Бедный словарь? Возможно. Но есть наглядность. Учёный муж выпишет словарь Кузнецова, произведёт подсчёты частотности, но это ничего ему не даст. В моей поэзии присутствует не словарное, а смысловое богатство. Да, кое где, может быть, есть инерция символов, возможно, их некоторая навязчивость, но нет никаких следов выпивки ни в «Ни рано, ни поздно», ни в других сборниках.

В «Споре о древних и новых» схлестнулись разные эстетики…

Но Чаадаев и Толстой более серьёзно, чем Буало, критиковали Гомера. Подумаешь, какое важное дело: «двенадцать лет народы рубили друг друга из-за женщины»… Не надо путать повод и причину… Вообще, от античности осталось много чепухи… просто её не переводят и не печатают.

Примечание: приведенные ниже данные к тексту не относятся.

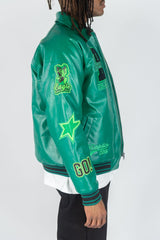 Rebel Minds Men's Eagle Varsity Jacket - Hunter Green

Напишу о Скобелеве, будете восторгаться. Его изображают завоевателем, но он был покорителем не столько земель, сколько сердец. Текинцы жили грабежом, они стали грабить племена, вошедшие в состав России. Скобелев со свитой скачет к Асхабаду, съезжается с текинцами, а те никогда не лгут. Дикари, по утверждению Руссо, простодушны. Ах так? Тогда я доверюсь вашему слову, едем в Асхабад. Так Скобелев, проницательный военный психолог, стал кумиром навсегда. Этика есть даже у уголовников, есть то, что нельзя. Песнь о Скобелеве — закрытая тема, хотя военные его чтят как представителя суворовской школы. За армией стоит народ, офицер должен знать душу солдата, а значит, душу народа. Скобелева (Ак-пашу, белого генерала) и турки уважали. Манштейн — раздутая величина (Клюге и Гудериан — другое дело)… А Будённый уже превращал армию в стадо.

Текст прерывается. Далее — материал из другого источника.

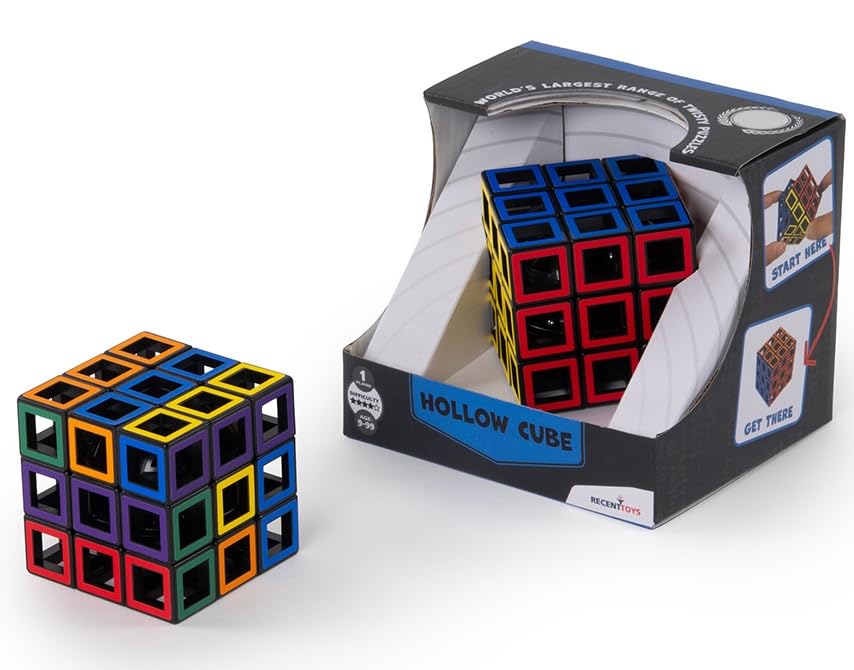 Meffert's Hollow Cube - The Original 3x3 Transparent Cube Brainteaser Puzzle from Recent Toys - Travel Friendly Fun for Ages 9+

В 1969 году я был на Мамаевом кургане, с которого русские парни видели Волгу. Монумент Яшки Белопольского с Вучетичем если и занял моё воображение, то образом разрушения, где не только изваянные тела, но сам бетон и камень разлагаются. Но мы не разложение должны запечатлевать, а вечную память.

Что такое литературное творчество? Поясню на Гоголе. Произведение — это сфера, в которой всякая затрагиваемая точка (слово) воздействует решительно на всю сферу. Слуга: «Верёвочка? И верёвочку сюда!», — но здесь не только верёвочка, не только скаредность, как колесо брички — не только колесо, но — объём! Огромный объём! Гоголь — мастер на словечки. Вот кто обладал чутьём слова, даже магией слова. Иностранный термин в поэзии означает только то, что означает. Говорю молодым: «Зачем вы употребляете все эти штепсели и синхрофазотроны?» «Ах, вы голые карлы протекции» я заменил на «ах, вы голые карлы обмана», хотя это слово у меня и расхожее, но сразу появился объём! Я создавал объём. В русских словах есть объём. Да и чутьё надо иметь. Прямой смысл нужен в статье. А в русском литературном творчестве — объём, простор, воздух, полёт, свободный жест. Лермонтовская «Тамань» — анекдот, несостоявшийся флирт, но и кое-что ещё. Бессмертие ситуации, воплощённое силой слов. В реализме слово всегда чему-то подчинено, а здесь слово само по себе играет. «Не дай мне бог сойти с ума», «Редеет облаков летучая гряда» или «Выхожу один я на дорогу» — слово ничему не подчинено, оно как целый мир. Возьми у Фета: «В те баснословные года / Я знал её ещё тогда…» Каково?